■ Task requirements
In the entries below, find the line with "Plastic Protein Jar Mockup" and the line with "#BTH #BUYTHEHAT #GAZA #SAVEBEN #HELPSAVEBEN", then retype both and everything between them exactly. Do not copy the pictures.

■ Data supplied

##############################

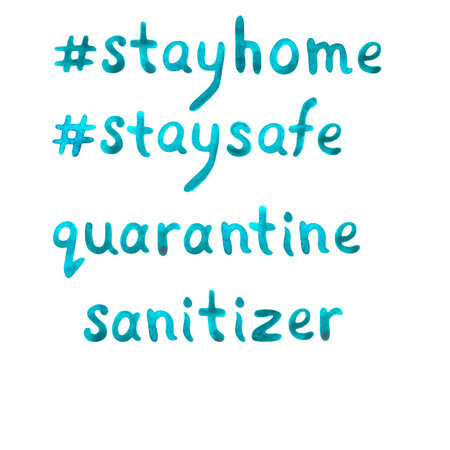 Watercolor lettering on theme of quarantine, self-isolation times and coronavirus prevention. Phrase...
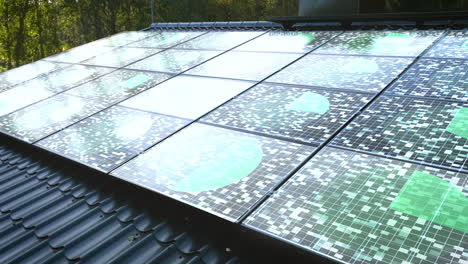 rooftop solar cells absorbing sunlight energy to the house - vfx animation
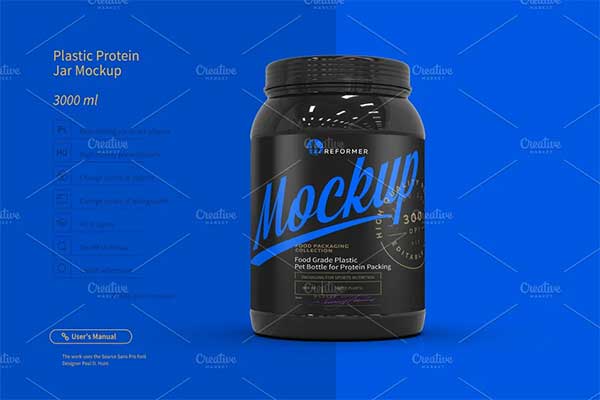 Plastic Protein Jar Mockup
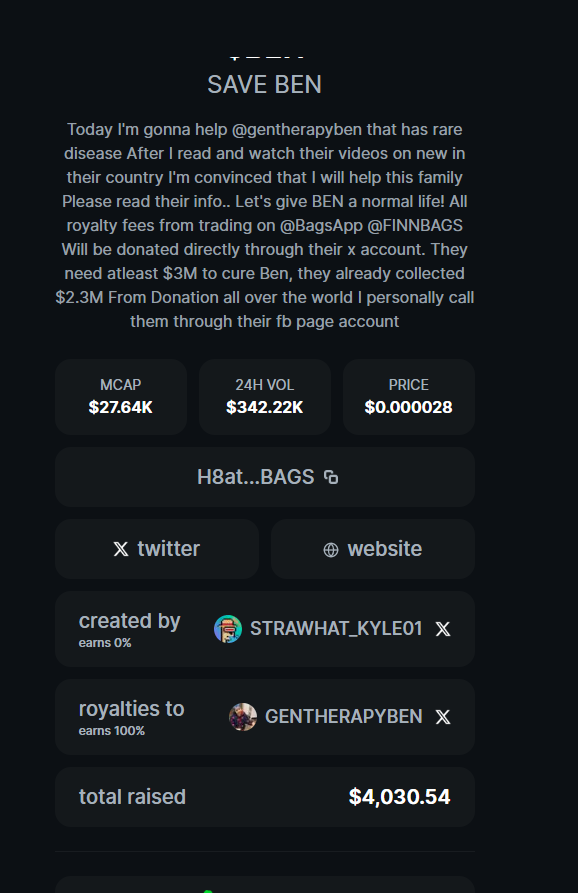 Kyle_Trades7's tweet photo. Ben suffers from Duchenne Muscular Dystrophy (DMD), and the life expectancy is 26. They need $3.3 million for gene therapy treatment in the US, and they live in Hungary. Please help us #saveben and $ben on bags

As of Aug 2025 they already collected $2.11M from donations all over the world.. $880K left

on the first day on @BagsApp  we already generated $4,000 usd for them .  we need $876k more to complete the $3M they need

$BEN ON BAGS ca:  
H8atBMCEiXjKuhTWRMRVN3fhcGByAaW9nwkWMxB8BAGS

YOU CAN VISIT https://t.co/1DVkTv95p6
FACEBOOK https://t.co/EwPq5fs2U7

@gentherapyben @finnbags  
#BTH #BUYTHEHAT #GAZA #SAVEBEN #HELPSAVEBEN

##############################

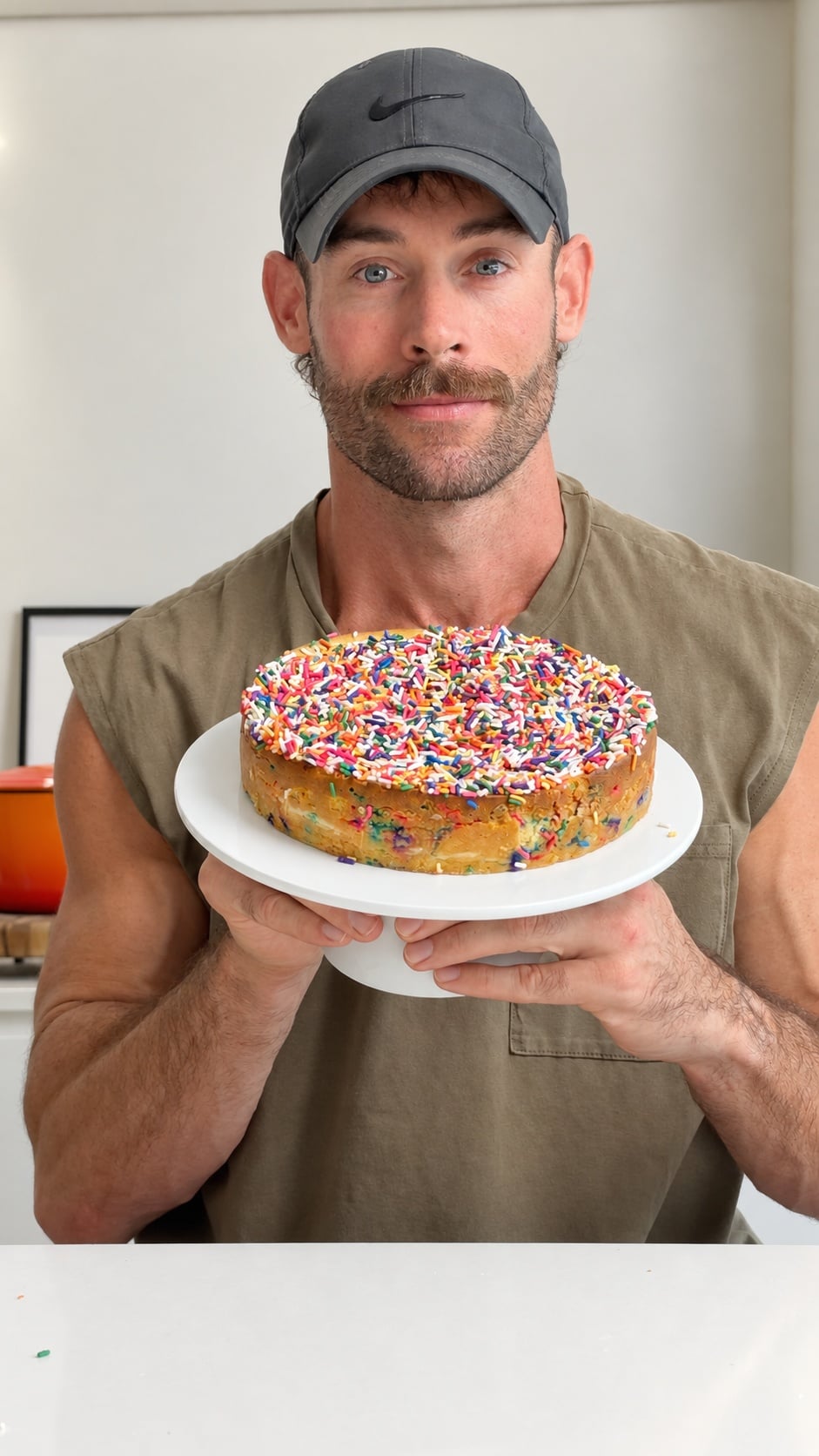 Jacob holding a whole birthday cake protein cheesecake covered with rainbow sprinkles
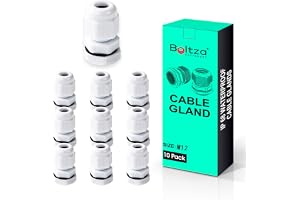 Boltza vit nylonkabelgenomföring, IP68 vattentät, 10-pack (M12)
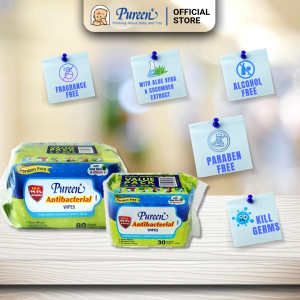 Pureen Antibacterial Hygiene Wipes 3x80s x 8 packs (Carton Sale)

##############################

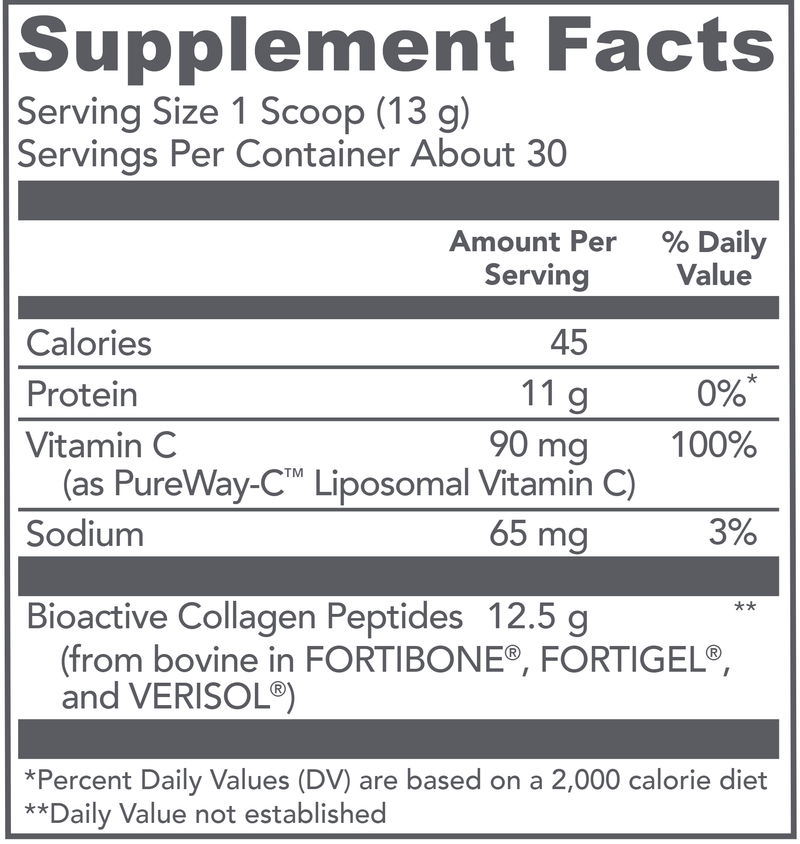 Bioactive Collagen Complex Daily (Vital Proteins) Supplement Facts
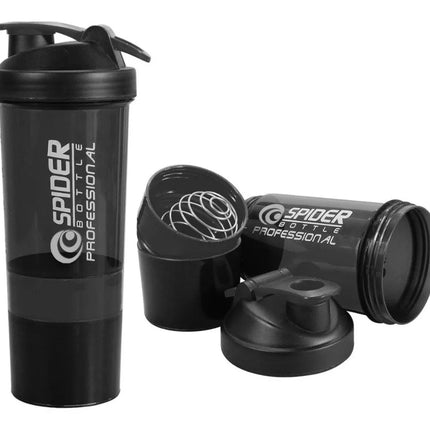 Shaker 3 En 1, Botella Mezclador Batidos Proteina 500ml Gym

##############################

■ Output
 Plastic Protein Jar Mockup
 Kyle_Trades7's tweet photo. Ben suffers from Duchenne Muscular Dystrophy (DMD), and the life expectancy is 26. They need $3.3 million for gene therapy treatment in the US, and they live in Hungary. Please help us #saveben and $ben on bags

As of Aug 2025 they already collected $2.11M from donations all over the world.. $880K left

on the first day on @BagsApp  we already generated $4,000 usd for them .  we need $876k more to complete the $3M they need

$BEN ON BAGS ca:  
H8atBMCEiXjKuhTWRMRVN3fhcGByAaW9nwkWMxB8BAGS

YOU CAN VISIT https://t.co/1DVkTv95p6
FACEBOOK https://t.co/EwPq5fs2U7

@gentherapyben @finnbags  
#BTH #BUYTHEHAT #GAZA #SAVEBEN #HELPSAVEBEN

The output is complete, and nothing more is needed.